My favorite body parts are my hands. They stem from bony wrists, and twist into a tangle of flourishing fingers and angular pinkies. Nothing about them indicates how much I weigh. Even the weird callouses called Russell’s Sign once observed on my right knuckles have worked their way into the skin, and disappeared.
My fingers are delicate. I have learned to hold them so they lie gracefully across the keyboard and any other inanimate object. On those long drives to see my Sean, they would stretch and entwine like roots around the steering wheel, making them white. I would let the other hand branch out the window and billow in the excited dark air.
I have done amazing stuff with my hands. They have knotted while writing essays and sunken into holiday cookie dough. They have pointed the way for lost people. They have weeded through fake eyelashes late at night to unearth natural eyes. They have given life to conversation. They have felt a lot of things.
At one point they were invasive tools. Molded into clever probes, they gagged me, extracting everything that was inside.
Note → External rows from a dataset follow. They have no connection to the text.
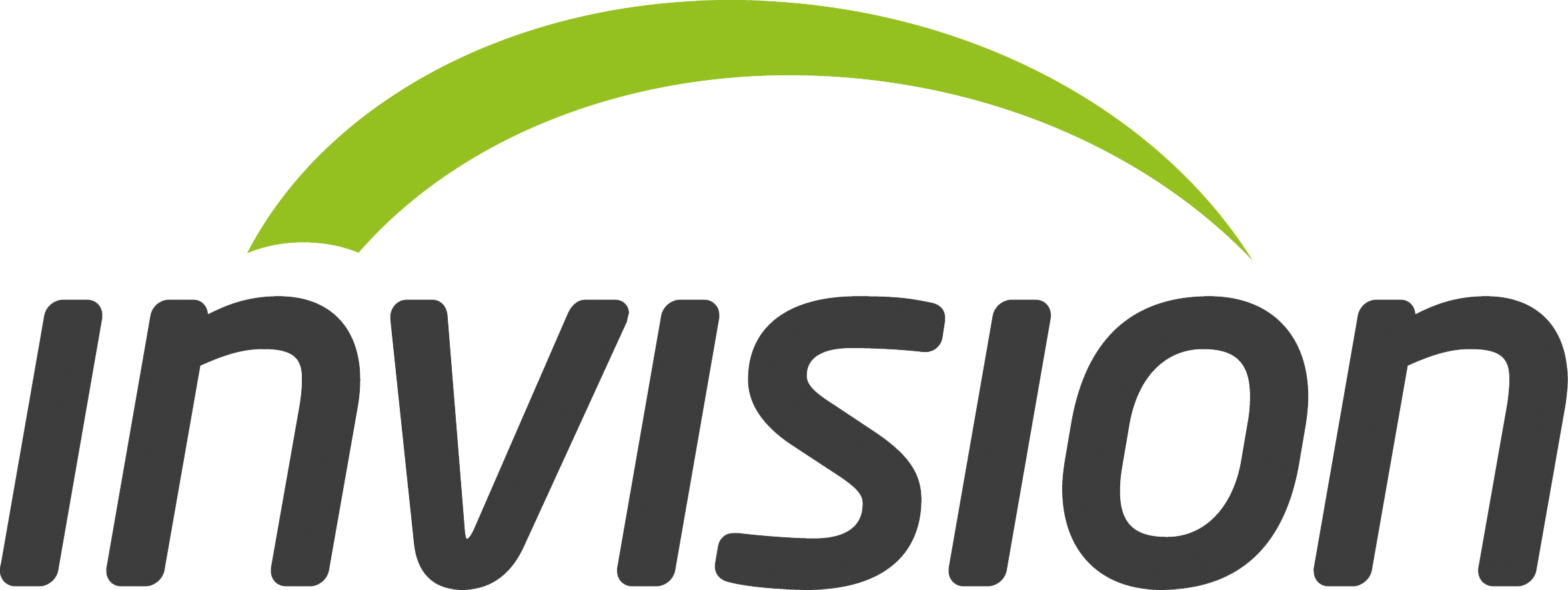 Techsmart® 25m Laser Detector - Invision Uk Ltd (2353x885)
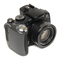 Digital Camera Canon PowerShot S5 IS User Manual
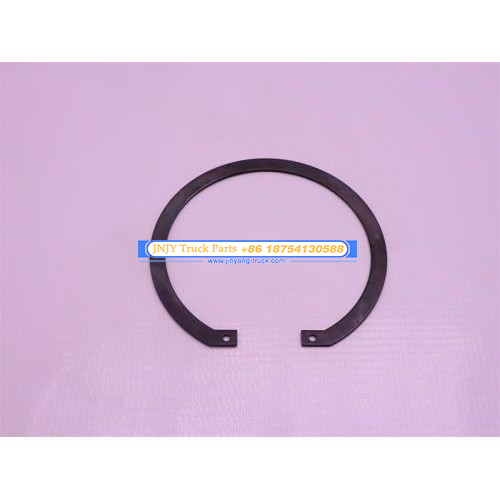 Кольцо стопорное КПП 16Y-15-00058 SHANTUI SD16
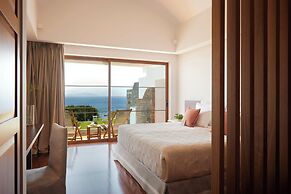 Elounda Peninsula Luxury Resort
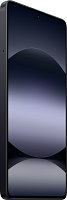 Xiaomi Redmi Note 14S/8GB/256GB/Midnight Black Xiaomi Redmi Note 14S/8GB/256GB/Midnight Black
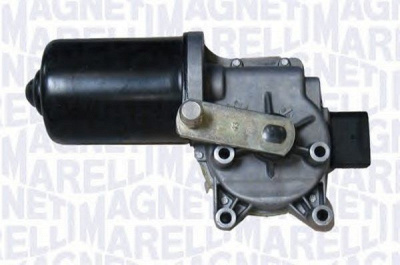 MAGNETI MARELLI 064052113010 -  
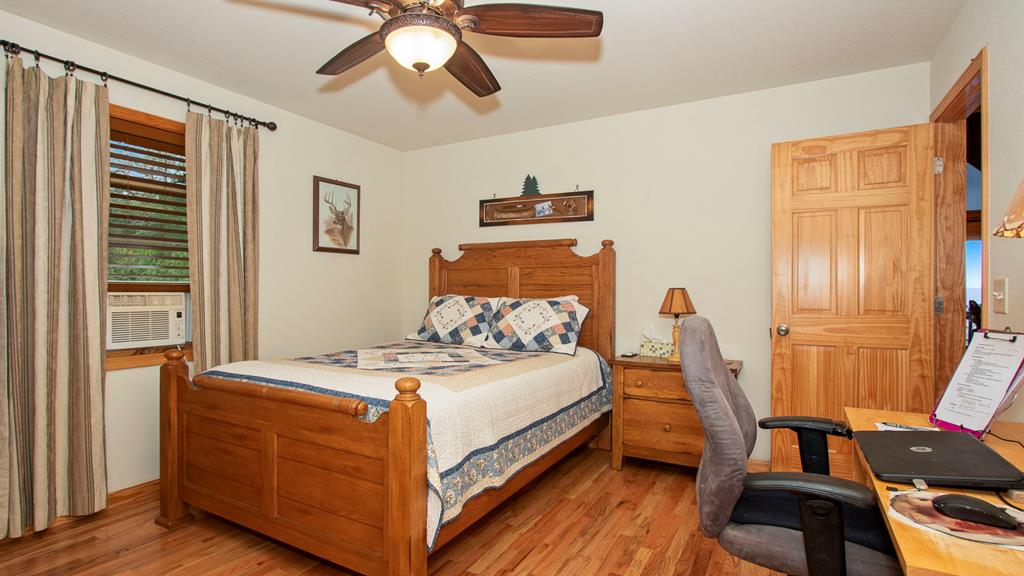 560 Bella Loma Hgts Property Photo 34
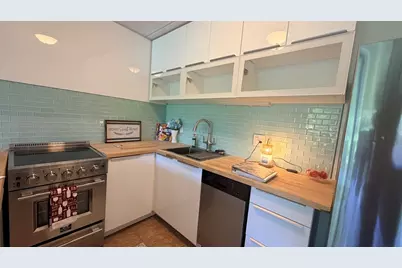 200 Swanton St #228, Winchester, MA 01890 - Photo 1
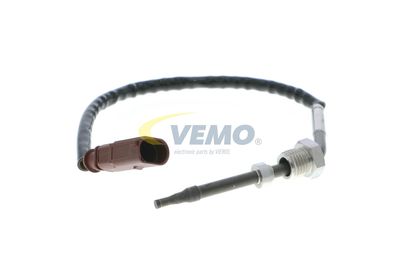 SENSOR ABGASTEMPERATUR VEMO V10721507 56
Grim and mechanical, they would then reassemble into rusty shackles when I would tell Sean I’d stop eating that way. But when I would fall asleep, they’d lie there, jagged and accusingly, my index fingers always enclosed so their sharp ends were pointing at me.
There finally came a time when so much dissection pushed me, bit by bit, to the edge, and I tumbled over in broken pieces. My twiggy arms reached for the extending razors of grass. Lingering desperation seeped through my fingertips; any hope I had left was sparking and flashing throughout the broken circuits of my thumbprints. I was ready to let go.
But something held onto these parts of me. And that was Sean’s hand.